The effect was not lost on Carol Pirsch, one of the first people through the exhibit. "And just the awesome grandeur of the scenery, that narrow passageway. So natural," she says.
The Henry Doorly Zoo is involved in cutting edge research in nuclear genetics and animal reproduction. But Director Lee Simmons says its most important job is to educate the more than one million people who come through its gates every year.
"When we bring somebody into the Desert Dome and expose them to three different desert biomes and show them, you know, let them touch, taste, feel, smell, and become a part of that, and then you give them a message that says these places are endangered - these places need protection. It's real and they believe you," he says.
Creating those three distinct desert biomes was no small task.
That Namibian sand dune needed sand. Up a conveyor belt and into the Dome it came - raining down on a concrete mound, the "star" of the first stop in the Dome. "We brought 300 tons, three 100-ton railcars of sand in, red sand," Mr. Simmons says.
Still other work wrapped up in the rest of the African display - a re-creation of Namibia's Kuiseb Canyon Oasis. A sand-colored concrete pathway was added to guide visitors through Omaha's version of Australia's Ayers Rock and North America's Sonoran Cactus Forest.
Through a wide hose that snaked through the Dome came more of the makings of the soils in the Dome's habitat: crushed rock, granite and ground coconut husks.
Of the 175 species of plants now growing in that soil, many stand in living testimony to the loss of desert habitat.
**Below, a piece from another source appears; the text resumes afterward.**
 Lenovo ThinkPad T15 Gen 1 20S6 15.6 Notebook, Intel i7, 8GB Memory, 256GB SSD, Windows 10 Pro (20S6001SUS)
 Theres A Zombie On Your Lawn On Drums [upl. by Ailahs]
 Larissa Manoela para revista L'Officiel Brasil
Terry Gouveia, the zoo's curator of horticulture, says most of the cactus plantings, from the giant saguaro to the tiny Mammillaria, were rescued from the encroaching sprawl of urban and industrial areas in the southwestern United States.
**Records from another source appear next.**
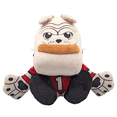 thumbnail image 1 of Bleacher Creatures Georgia Bulldogs Hairy Dawg 8" Kuricha Sitting Mascot Plush, 1 of 5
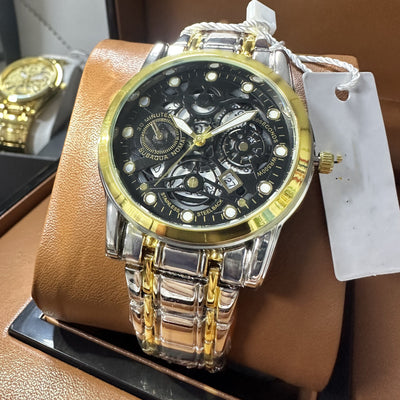 Reloj Automático de Cuarzo con Esfera Hueca, Luminoso e Impermeable - Image 6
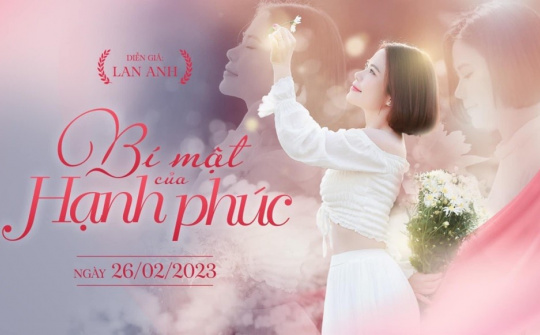 Cô giáo kẹo mút Nguyễn Lan Anh: “Be happy_Hạnh phúc là một lựa chọn!”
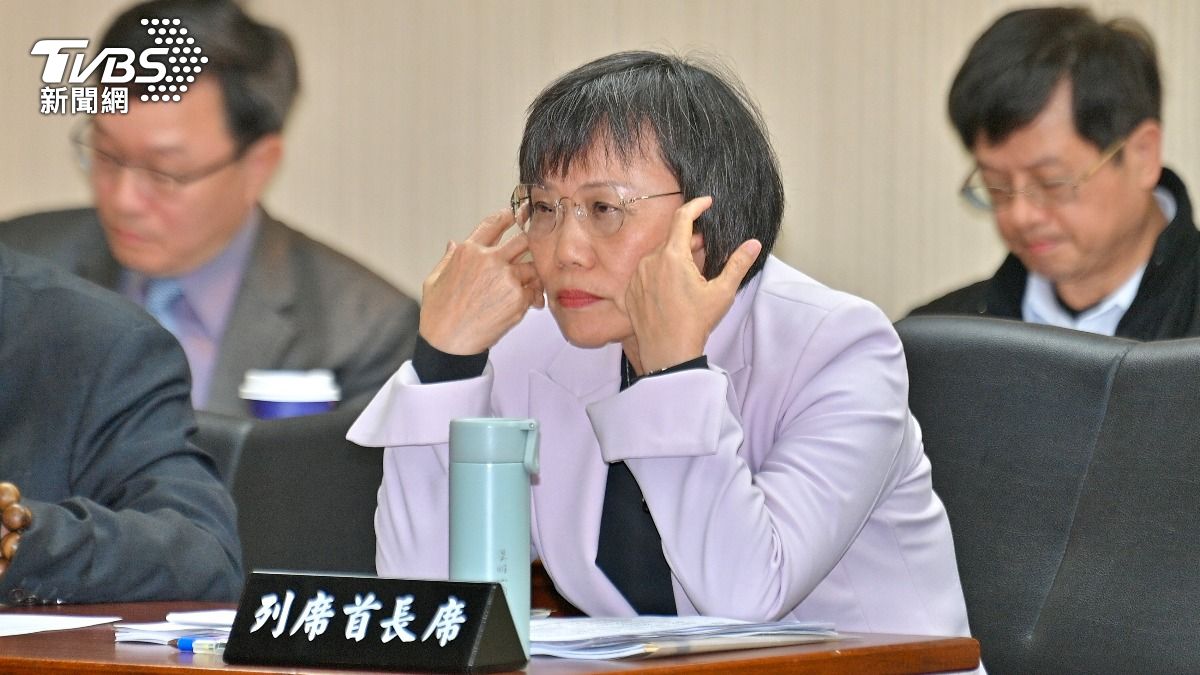 內政部長劉世芳。(圖/胡瑞麒攝)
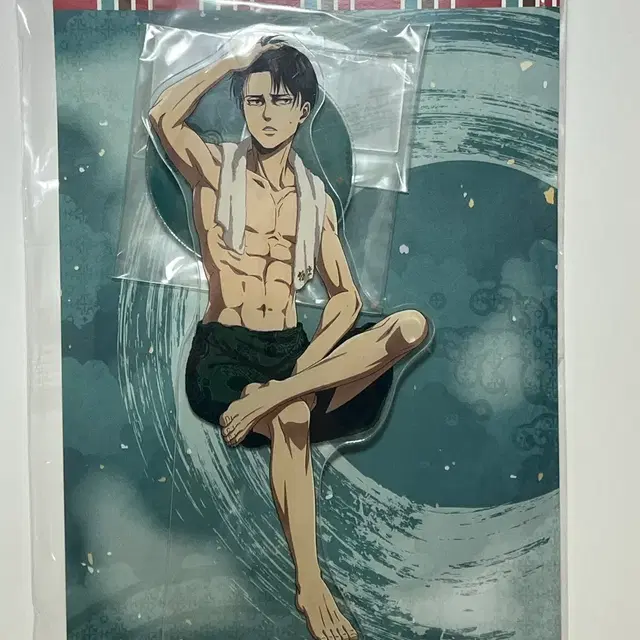 리바이 라쿠스파 극락탕 아크릴 스탠드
"Both Tucson and Phoenix are growing so rapidly," she says. "It does my heart good to know that these have been saved - they've been salvaged. Even the larger palo verde and the larger mesquite trees."
And the more than 70,000 people who came to visit the Dome during its opening week seem to appreciate the desert plant life - and lots of venomous snakes, including the "Colette," the only one on display in a zoo outside its native Australia.
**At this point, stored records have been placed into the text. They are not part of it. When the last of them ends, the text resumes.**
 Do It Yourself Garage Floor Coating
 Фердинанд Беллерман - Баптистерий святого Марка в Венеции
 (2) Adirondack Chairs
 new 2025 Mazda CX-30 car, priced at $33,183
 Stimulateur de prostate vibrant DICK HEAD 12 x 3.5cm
In all, 75 species of animals are now at home up on the rocks or in the crannies of the indoor desert - roadrunners and rock hyrax, hummingbirds and Harris hawks, pumas and peccaries, lizards and leopards.
The new $31 million exhibit will help Omaha's zoo attract a 1.5 million visitors this year, putting it at, or near the top of the list of U.S. zoos in attendance. That's a chance to reach more people in a few weeks time than will get a chance to visit the real trio of desert biomes in a year, says Zoo Director Lee Simmons. That's why he's packed the desert Dome with authentic surprises around every corner.
"You get a surprise or a thrill or you see something that is really new and exciting, then whatever message you're given, you know, right after you receive that surprise - you remember," he says. "You remember the message forever."
And young Zach Kesek got one of the exhibit's most important messages.
"I didn't know there was this much water on the desert," he says.
Waterfalls, ponds and bubbling potholes - water may hard to come by in the desert, but it's there and so are some amazing life forms that only evolve and exist in those special desert spaces and at the Henry Doorly Zoo's "Desert Dome."